(Given data)

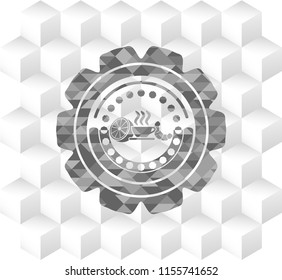 breakfast  icon inside grey emblem with geometric cube white background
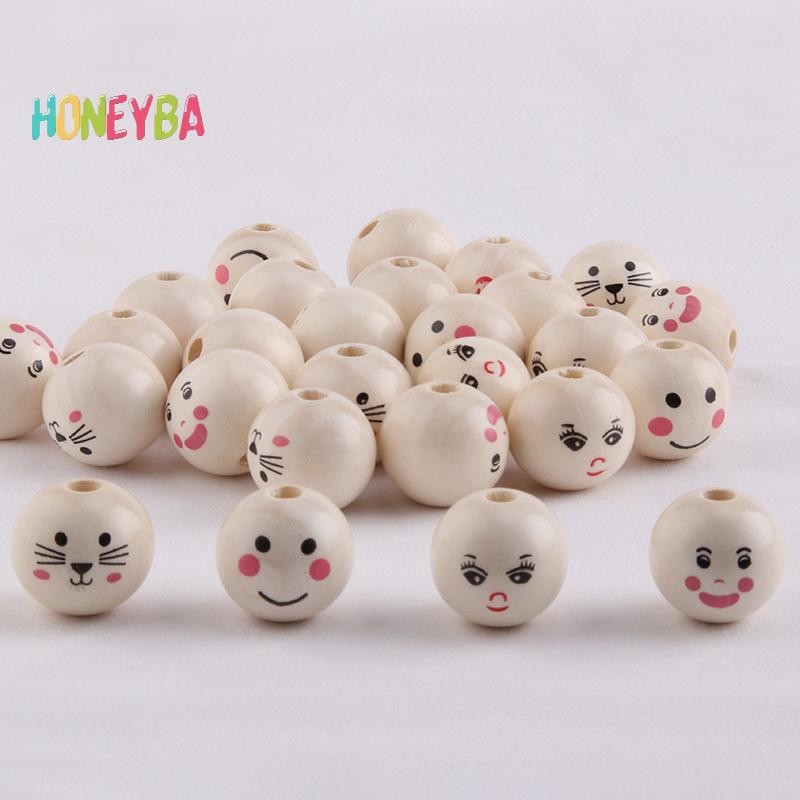 <Honeyba> 10PCS ไม้พิมพ์สียิ้ม Face ตุ๊กตาหัวลูกปัดไม้ลูกปัดหลวม DIY เครื่องประดับอุปกรณ์เสริมลูกปัด Expression พร้อมรู Nice - รูปที่ 2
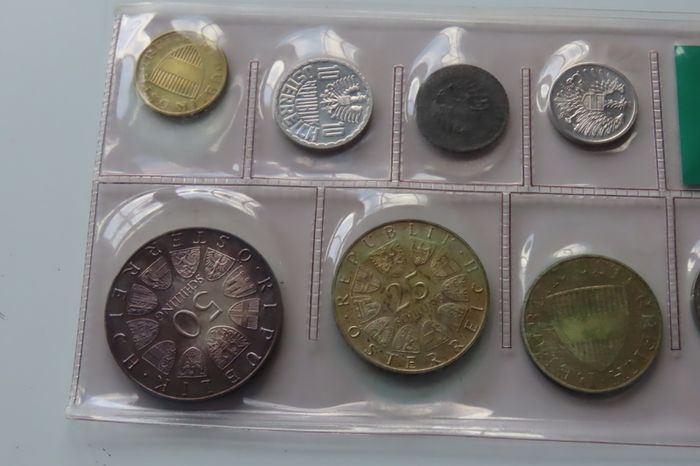 3 x Silver coins in 1972 Austrian Proof Coin Set ("durch Ihre Volksbank" edition)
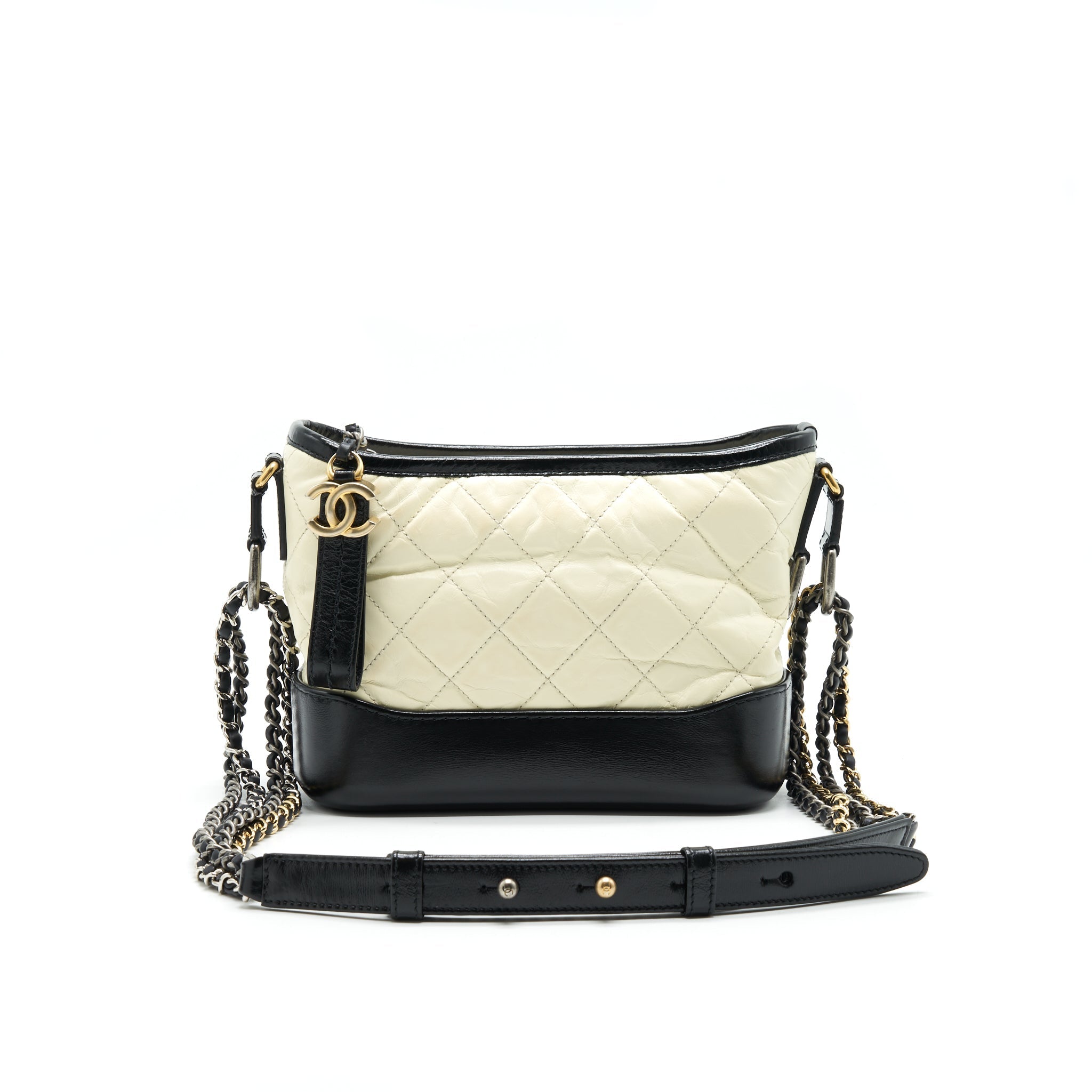 CHANEL SMALL GABRIELLE HOBO BAG BLACK/ WHITE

(Description of the task) Please give again only those lines that run from the one containing "3 x Silver coins" through the final line of the listing, both included, exactly as written and without pictures.

(Answer for the task)
 3 x Silver coins in 1972 Austrian Proof Coin Set ("durch Ihre Volksbank" edition)
 CHANEL SMALL GABRIELLE HOBO BAG BLACK/ WHITE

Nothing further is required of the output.